AIM OF THE EXERCISE:
Print, exactly as they stand, the lines below from the one that has "المصل واللقاح: إصابات" to the one that has "fibrocystic breast changes", inclusive, leaving out the pictures.

PROVIDED DATA:
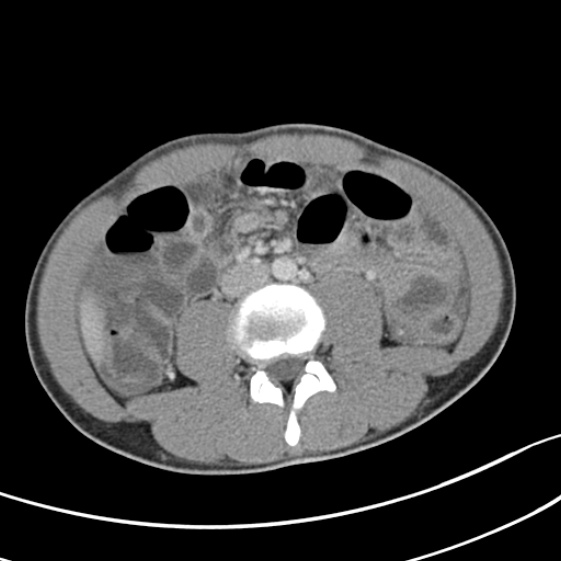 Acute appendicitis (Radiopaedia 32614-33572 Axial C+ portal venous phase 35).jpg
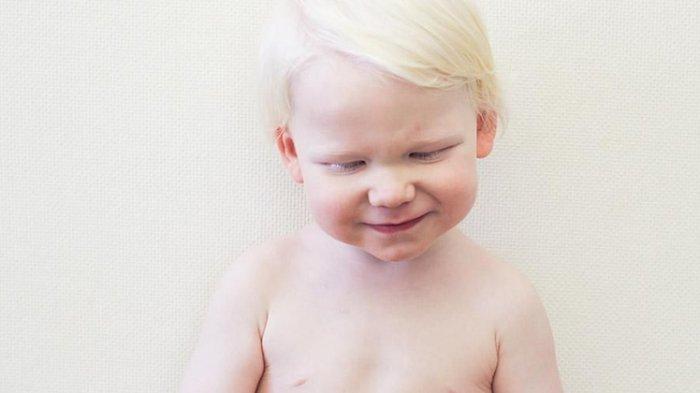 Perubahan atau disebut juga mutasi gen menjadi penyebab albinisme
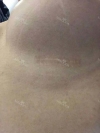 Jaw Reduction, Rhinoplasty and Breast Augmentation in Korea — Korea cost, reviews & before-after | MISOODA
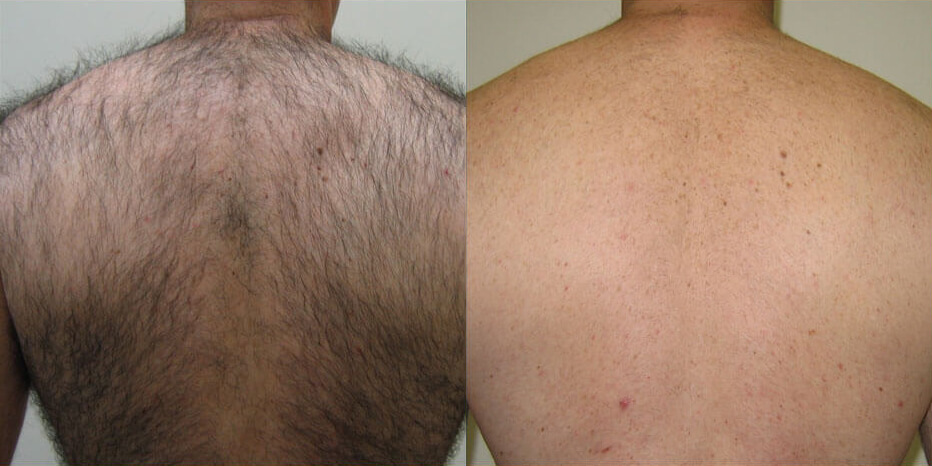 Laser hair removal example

* * *

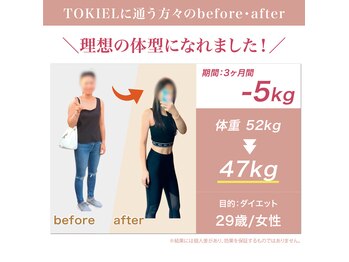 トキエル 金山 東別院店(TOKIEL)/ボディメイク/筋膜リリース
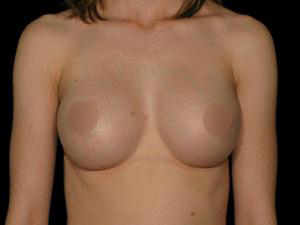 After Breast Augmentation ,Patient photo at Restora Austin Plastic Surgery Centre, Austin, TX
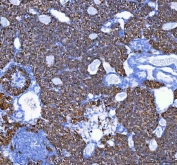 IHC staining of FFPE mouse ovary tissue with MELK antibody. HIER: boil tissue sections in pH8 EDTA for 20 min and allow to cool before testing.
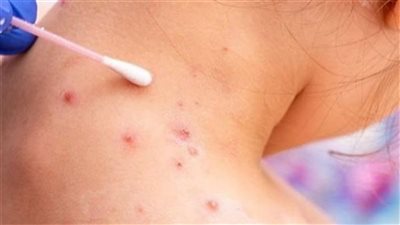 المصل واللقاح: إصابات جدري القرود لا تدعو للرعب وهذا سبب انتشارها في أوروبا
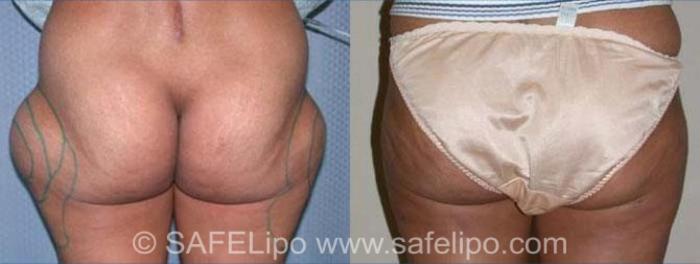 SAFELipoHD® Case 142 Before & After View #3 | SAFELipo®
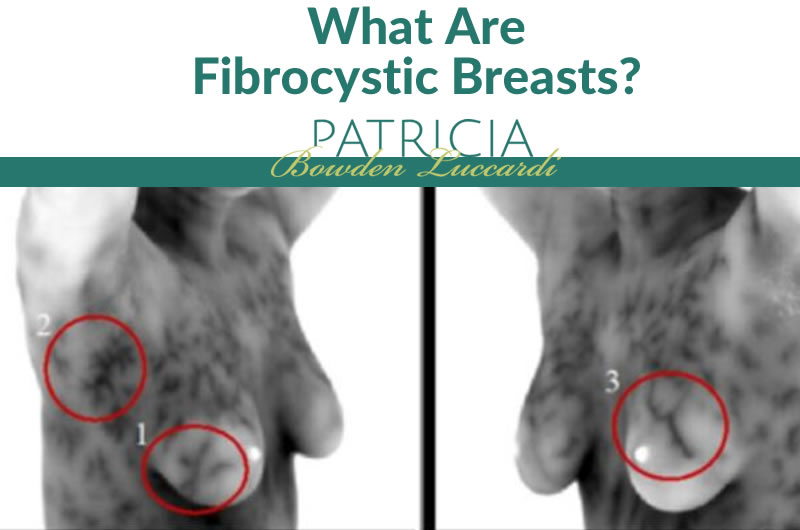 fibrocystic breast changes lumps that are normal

YOUR SOLUTION:
 المصل واللقاح: إصابات جدري القرود لا تدعو للرعب وهذا سبب انتشارها في أوروبا
 SAFELipoHD® Case 142 Before & After View #3 | SAFELipo®
 fibrocystic breast changes lumps that are normal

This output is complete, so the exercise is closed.